No vivimos más en aquel mundo donde los trabajadores y sus organizaciones constituían lo que Annie Kriegel llamó “contra-sociedad”, una especie de atmósfera política y cultural distinta y separada del universo burgués. Nunca, como ahora, las ideas dominantes pasaron a ser las ideas de las clases dominantes, en función de los instrumentos totalizantes (o tal vez totalitarios) que las burguesías empezaron a tener a nivel global.

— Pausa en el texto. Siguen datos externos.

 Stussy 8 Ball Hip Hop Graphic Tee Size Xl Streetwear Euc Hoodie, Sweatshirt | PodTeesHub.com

Todo ello hace de la lucha por la hegemonía política y cultural una batalla extremadamente compleja y permanente, pero sin duda absolutamente necesaria.

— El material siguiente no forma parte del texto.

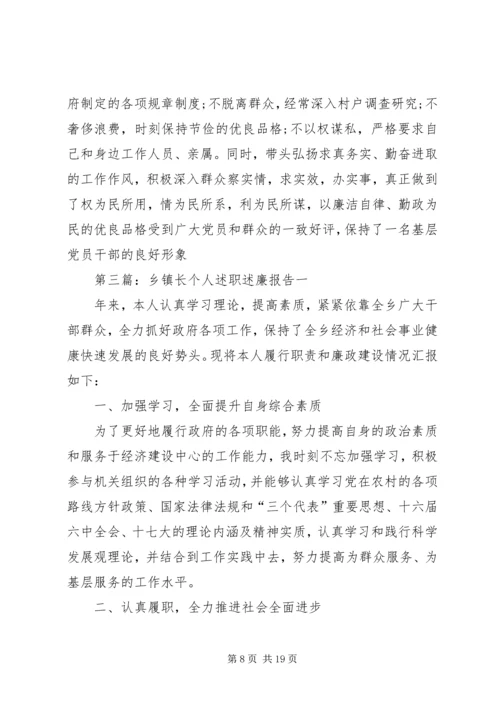 乡镇长个人述职述廉报告.docx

El hecho de que en los días que corren las clases trabajadoras latinoamericanas no visualicen su emancipación como resultado necesario e inmediato de una ruptura con el orden económico vigente no implica que ellas se hayan transformado en aliadas de un proyecto que se revela globalmente cada vez más concentrador de riqueza y autoritario a escala mundial. El capitalismo financiero, más de lo que fue en el pasado, no se limita a la explotación y desvalorización creciente del mundo del trabajo. Se revela igualmente racista, misógino y oscurantista. Se amplía, así, el espectro de contradicciones y, también, de enfrentamientos con ese proyecto que, cada día que pasa, retira la esperanza del horizonte de la mayoría de los pueblos del mundo.
Se trata de conocer mejor ese proyecto en acelerado cambio, no sólo por imperativo ético e intelectual, sino también por necesidad política. Pero reunir esas dos dimensiones –teórica y práctica– es una iniciativa que tiene como punto central la aproximación, cada vez mayor, de los intelectuales con aquellos que viven esas nuevas situaciones y en cuyas manos está la responsabilidad de retomar, criticar y profundizar el ciclo progresista que marcó a América Latina en este inicio de siglo y que tantas esperanzas suscitó aquí y fuera del continente.
Los sujetos de las transformaciones no existen tan sólo en la teoría, no se deducen de las “estructuras”. Ellos se construyen en su accionar, en la lucha de clases. Ese es el desafío al que se enfrenta el progresismo latinoamericano.